WHAT TO WORK ON:
Please write each entry out again exactly as shown.

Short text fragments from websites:
........

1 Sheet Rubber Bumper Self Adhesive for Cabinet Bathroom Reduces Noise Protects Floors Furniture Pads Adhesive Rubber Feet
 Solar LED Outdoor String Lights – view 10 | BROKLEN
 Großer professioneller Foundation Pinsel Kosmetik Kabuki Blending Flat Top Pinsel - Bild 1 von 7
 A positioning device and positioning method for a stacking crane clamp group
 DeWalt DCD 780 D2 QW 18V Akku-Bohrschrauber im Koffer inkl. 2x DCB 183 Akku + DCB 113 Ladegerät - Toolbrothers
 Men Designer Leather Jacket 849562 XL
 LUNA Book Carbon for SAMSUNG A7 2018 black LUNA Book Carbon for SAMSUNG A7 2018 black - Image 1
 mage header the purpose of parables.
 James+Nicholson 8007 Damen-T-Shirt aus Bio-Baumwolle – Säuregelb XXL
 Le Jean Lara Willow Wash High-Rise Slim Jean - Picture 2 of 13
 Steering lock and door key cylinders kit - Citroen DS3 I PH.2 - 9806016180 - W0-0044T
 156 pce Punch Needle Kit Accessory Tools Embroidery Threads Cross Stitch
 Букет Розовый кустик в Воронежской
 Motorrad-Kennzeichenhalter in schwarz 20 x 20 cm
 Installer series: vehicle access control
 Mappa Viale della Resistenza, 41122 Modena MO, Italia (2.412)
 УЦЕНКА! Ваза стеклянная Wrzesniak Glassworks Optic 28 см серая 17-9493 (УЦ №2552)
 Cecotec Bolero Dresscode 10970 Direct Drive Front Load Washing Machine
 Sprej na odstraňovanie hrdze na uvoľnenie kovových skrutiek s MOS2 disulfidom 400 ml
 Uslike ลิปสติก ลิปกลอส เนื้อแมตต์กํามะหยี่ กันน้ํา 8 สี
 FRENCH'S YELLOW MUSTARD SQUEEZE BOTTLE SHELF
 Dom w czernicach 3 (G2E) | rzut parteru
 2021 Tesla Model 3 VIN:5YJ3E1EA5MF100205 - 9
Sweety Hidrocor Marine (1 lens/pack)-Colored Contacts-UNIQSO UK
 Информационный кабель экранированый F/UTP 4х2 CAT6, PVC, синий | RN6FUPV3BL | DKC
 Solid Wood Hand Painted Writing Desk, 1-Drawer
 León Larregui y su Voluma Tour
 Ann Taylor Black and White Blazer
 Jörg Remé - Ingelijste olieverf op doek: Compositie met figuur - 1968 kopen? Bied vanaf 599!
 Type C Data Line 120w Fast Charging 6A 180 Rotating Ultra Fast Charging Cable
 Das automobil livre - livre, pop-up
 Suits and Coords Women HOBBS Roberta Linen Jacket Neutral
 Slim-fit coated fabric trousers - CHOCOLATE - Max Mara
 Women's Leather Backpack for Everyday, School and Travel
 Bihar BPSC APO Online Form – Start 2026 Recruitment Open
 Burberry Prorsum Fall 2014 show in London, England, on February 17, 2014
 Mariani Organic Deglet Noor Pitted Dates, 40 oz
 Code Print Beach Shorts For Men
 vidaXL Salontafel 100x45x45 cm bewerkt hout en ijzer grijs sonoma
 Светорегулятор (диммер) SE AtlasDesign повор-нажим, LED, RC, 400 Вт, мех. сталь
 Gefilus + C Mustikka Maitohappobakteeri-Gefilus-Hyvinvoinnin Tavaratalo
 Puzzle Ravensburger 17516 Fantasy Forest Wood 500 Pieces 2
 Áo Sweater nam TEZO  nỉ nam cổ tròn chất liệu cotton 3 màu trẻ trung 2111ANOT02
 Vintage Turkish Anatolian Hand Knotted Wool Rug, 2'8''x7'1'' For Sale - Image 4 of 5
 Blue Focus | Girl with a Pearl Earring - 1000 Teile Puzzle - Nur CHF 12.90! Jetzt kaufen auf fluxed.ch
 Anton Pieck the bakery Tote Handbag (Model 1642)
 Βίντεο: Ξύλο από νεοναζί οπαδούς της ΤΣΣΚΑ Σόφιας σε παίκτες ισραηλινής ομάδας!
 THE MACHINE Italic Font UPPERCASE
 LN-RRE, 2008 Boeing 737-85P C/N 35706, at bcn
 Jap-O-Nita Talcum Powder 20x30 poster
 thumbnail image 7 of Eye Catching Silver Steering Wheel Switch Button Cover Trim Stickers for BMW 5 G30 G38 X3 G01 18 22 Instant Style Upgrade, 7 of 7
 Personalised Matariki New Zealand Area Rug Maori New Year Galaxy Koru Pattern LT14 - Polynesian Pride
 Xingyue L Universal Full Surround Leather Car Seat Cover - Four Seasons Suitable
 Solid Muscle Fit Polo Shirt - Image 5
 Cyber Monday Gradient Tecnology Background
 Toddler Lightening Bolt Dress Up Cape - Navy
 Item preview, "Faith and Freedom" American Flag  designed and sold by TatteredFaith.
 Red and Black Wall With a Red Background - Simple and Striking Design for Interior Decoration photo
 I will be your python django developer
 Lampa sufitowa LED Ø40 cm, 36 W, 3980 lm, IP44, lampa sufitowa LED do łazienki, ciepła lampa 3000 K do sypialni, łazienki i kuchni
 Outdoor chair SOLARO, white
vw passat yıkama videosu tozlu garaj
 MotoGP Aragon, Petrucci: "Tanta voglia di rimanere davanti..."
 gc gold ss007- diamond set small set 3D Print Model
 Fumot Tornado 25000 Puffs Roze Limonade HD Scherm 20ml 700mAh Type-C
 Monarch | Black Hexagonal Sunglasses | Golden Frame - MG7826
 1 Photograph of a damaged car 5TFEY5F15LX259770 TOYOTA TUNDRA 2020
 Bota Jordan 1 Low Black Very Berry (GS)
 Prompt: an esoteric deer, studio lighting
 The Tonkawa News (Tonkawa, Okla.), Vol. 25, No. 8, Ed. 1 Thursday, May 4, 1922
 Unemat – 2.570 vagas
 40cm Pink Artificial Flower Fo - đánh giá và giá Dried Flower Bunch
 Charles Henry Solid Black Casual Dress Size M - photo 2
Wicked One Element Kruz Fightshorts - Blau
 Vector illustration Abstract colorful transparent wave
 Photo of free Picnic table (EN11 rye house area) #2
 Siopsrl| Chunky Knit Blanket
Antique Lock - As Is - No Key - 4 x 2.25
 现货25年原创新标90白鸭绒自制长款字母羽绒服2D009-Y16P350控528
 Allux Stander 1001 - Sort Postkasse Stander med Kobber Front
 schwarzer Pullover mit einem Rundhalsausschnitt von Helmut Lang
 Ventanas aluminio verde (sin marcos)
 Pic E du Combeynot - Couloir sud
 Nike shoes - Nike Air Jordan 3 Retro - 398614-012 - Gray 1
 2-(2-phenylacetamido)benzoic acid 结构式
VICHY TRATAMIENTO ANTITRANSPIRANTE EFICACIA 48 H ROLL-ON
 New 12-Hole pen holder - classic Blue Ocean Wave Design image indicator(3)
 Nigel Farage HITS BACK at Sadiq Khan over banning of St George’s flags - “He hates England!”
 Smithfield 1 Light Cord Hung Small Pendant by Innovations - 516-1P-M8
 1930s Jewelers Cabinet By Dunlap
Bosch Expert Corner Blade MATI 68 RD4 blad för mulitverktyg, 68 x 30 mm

........

RESPONSE AREA:
1 Sheet Rubber Bumper Self Adhesive for Cabinet Bathroom Reduces Noise Protects Floors Furniture Pads Adhesive Rubber Feet
 Solar LED Outdoor String Lights – view 10 | BROKLEN
 Großer professioneller Foundation Pinsel Kosmetik Kabuki Blending Flat Top Pinsel - Bild 1 von 7
 A positioning device and positioning method for a stacking crane clamp group
 DeWalt DCD 780 D2 QW 18V Akku-Bohrschrauber im Koffer inkl. 2x DCB 183 Akku + DCB 113 Ladegerät - Toolbrothers
 Men Designer Leather Jacket 849562 XL
 LUNA Book Carbon for SAMSUNG A7 2018 black LUNA Book Carbon for SAMSUNG A7 2018 black - Image 1
 mage header the purpose of parables.
 James+Nicholson 8007 Damen-T-Shirt aus Bio-Baumwolle – Säuregelb XXL
 Le Jean Lara Willow Wash High-Rise Slim Jean - Picture 2 of 13
 Steering lock and door key cylinders kit - Citroen DS3 I PH.2 - 9806016180 - W0-0044T
 156 pce Punch Needle Kit Accessory Tools Embroidery Threads Cross Stitch
 Букет Розовый кустик в Воронежской
 Motorrad-Kennzeichenhalter in schwarz 20 x 20 cm
 Installer series: vehicle access control
 Mappa Viale della Resistenza, 41122 Modena MO, Italia (2.412)
 УЦЕНКА! Ваза стеклянная Wrzesniak Glassworks Optic 28 см серая 17-9493 (УЦ №2552)
 Cecotec Bolero Dresscode 10970 Direct Drive Front Load Washing Machine
 Sprej na odstraňovanie hrdze na uvoľnenie kovových skrutiek s MOS2 disulfidom 400 ml
 Uslike ลิปสติก ลิปกลอส เนื้อแมตต์กํามะหยี่ กันน้ํา 8 สี
 FRENCH'S YELLOW MUSTARD SQUEEZE BOTTLE SHELF
 Dom w czernicach 3 (G2E) | rzut parteru
 2021 Tesla Model 3 VIN:5YJ3E1EA5MF100205 - 9
Sweety Hidrocor Marine (1 lens/pack)-Colored Contacts-UNIQSO UK
 Информационный кабель экранированый F/UTP 4х2 CAT6, PVC, синий | RN6FUPV3BL | DKC
 Solid Wood Hand Painted Writing Desk, 1-Drawer
 León Larregui y su Voluma Tour
 Ann Taylor Black and White Blazer
 Jörg Remé - Ingelijste olieverf op doek: Compositie met figuur - 1968 kopen? Bied vanaf 599!
 Type C Data Line 120w Fast Charging 6A 180 Rotating Ultra Fast Charging Cable
 Das automobil livre - livre, pop-up
 Suits and Coords Women HOBBS Roberta Linen Jacket Neutral
 Slim-fit coated fabric trousers - CHOCOLATE - Max Mara
 Women's Leather Backpack for Everyday, School and Travel
 Bihar BPSC APO Online Form – Start 2026 Recruitment Open
 Burberry Prorsum Fall 2014 show in London, England, on February 17, 2014
 Mariani Organic Deglet Noor Pitted Dates, 40 oz
 Code Print Beach Shorts For Men
 vidaXL Salontafel 100x45x45 cm bewerkt hout en ijzer grijs sonoma
 Светорегулятор (диммер) SE AtlasDesign повор-нажим, LED, RC, 400 Вт, мех. сталь
 Gefilus + C Mustikka Maitohappobakteeri-Gefilus-Hyvinvoinnin Tavaratalo
 Puzzle Ravensburger 17516 Fantasy Forest Wood 500 Pieces 2
 Áo Sweater nam TEZO  nỉ nam cổ tròn chất liệu cotton 3 màu trẻ trung 2111ANOT02
 Vintage Turkish Anatolian Hand Knotted Wool Rug, 2'8''x7'1'' For Sale - Image 4 of 5
 Blue Focus | Girl with a Pearl Earring - 1000 Teile Puzzle - Nur CHF 12.90! Jetzt kaufen auf fluxed.ch
 Anton Pieck the bakery Tote Handbag (Model 1642)
 Βίντεο: Ξύλο από νεοναζί οπαδούς της ΤΣΣΚΑ Σόφιας σε παίκτες ισραηλινής ομάδας!
 THE MACHINE Italic Font UPPERCASE
 LN-RRE, 2008 Boeing 737-85P C/N 35706, at bcn
 Jap-O-Nita Talcum Powder 20x30 poster
 thumbnail image 7 of Eye Catching Silver Steering Wheel Switch Button Cover Trim Stickers for BMW 5 G30 G38 X3 G01 18 22 Instant Style Upgrade, 7 of 7
 Personalised Matariki New Zealand Area Rug Maori New Year Galaxy Koru Pattern LT14 - Polynesian Pride
 Xingyue L Universal Full Surround Leather Car Seat Cover - Four Seasons Suitable
 Solid Muscle Fit Polo Shirt - Image 5
 Cyber Monday Gradient Tecnology Background
 Toddler Lightening Bolt Dress Up Cape - Navy
 Item preview, "Faith and Freedom" American Flag  designed and sold by TatteredFaith.
 Red and Black Wall With a Red Background - Simple and Striking Design for Interior Decoration photo
 I will be your python django developer
 Lampa sufitowa LED Ø40 cm, 36 W, 3980 lm, IP44, lampa sufitowa LED do łazienki, ciepła lampa 3000 K do sypialni, łazienki i kuchni
 Outdoor chair SOLARO, white
vw passat yıkama videosu tozlu garaj
 MotoGP Aragon, Petrucci: "Tanta voglia di rimanere davanti..."
 gc gold ss007- diamond set small set 3D Print Model
 Fumot Tornado 25000 Puffs Roze Limonade HD Scherm 20ml 700mAh Type-C
 Monarch | Black Hexagonal Sunglasses | Golden Frame - MG7826
 1 Photograph of a damaged car 5TFEY5F15LX259770 TOYOTA TUNDRA 2020
 Bota Jordan 1 Low Black Very Berry (GS)
 Prompt: an esoteric deer, studio lighting
 The Tonkawa News (Tonkawa, Okla.), Vol. 25, No. 8, Ed. 1 Thursday, May 4, 1922
 Unemat – 2.570 vagas
 40cm Pink Artificial Flower Fo - đánh giá và giá Dried Flower Bunch
 Charles Henry Solid Black Casual Dress Size M - photo 2
Wicked One Element Kruz Fightshorts - Blau
 Vector illustration Abstract colorful transparent wave
 Photo of free Picnic table (EN11 rye house area) #2
 Siopsrl| Chunky Knit Blanket
Antique Lock - As Is - No Key - 4 x 2.25
 现货25年原创新标90白鸭绒自制长款字母羽绒服2D009-Y16P350控528
 Allux Stander 1001 - Sort Postkasse Stander med Kobber Front
 schwarzer Pullover mit einem Rundhalsausschnitt von Helmut Lang
 Ventanas aluminio verde (sin marcos)
 Pic E du Combeynot - Couloir sud
 Nike shoes - Nike Air Jordan 3 Retro - 398614-012 - Gray 1
 2-(2-phenylacetamido)benzoic acid 结构式
VICHY TRATAMIENTO ANTITRANSPIRANTE EFICACIA 48 H ROLL-ON
 New 12-Hole pen holder - classic Blue Ocean Wave Design image indicator(3)
 Nigel Farage HITS BACK at Sadiq Khan over banning of St George’s flags - “He hates England!”
 Smithfield 1 Light Cord Hung Small Pendant by Innovations - 516-1P-M8
 1930s Jewelers Cabinet By Dunlap
Bosch Expert Corner Blade MATI 68 RD4 blad för mulitverktyg, 68 x 30 mm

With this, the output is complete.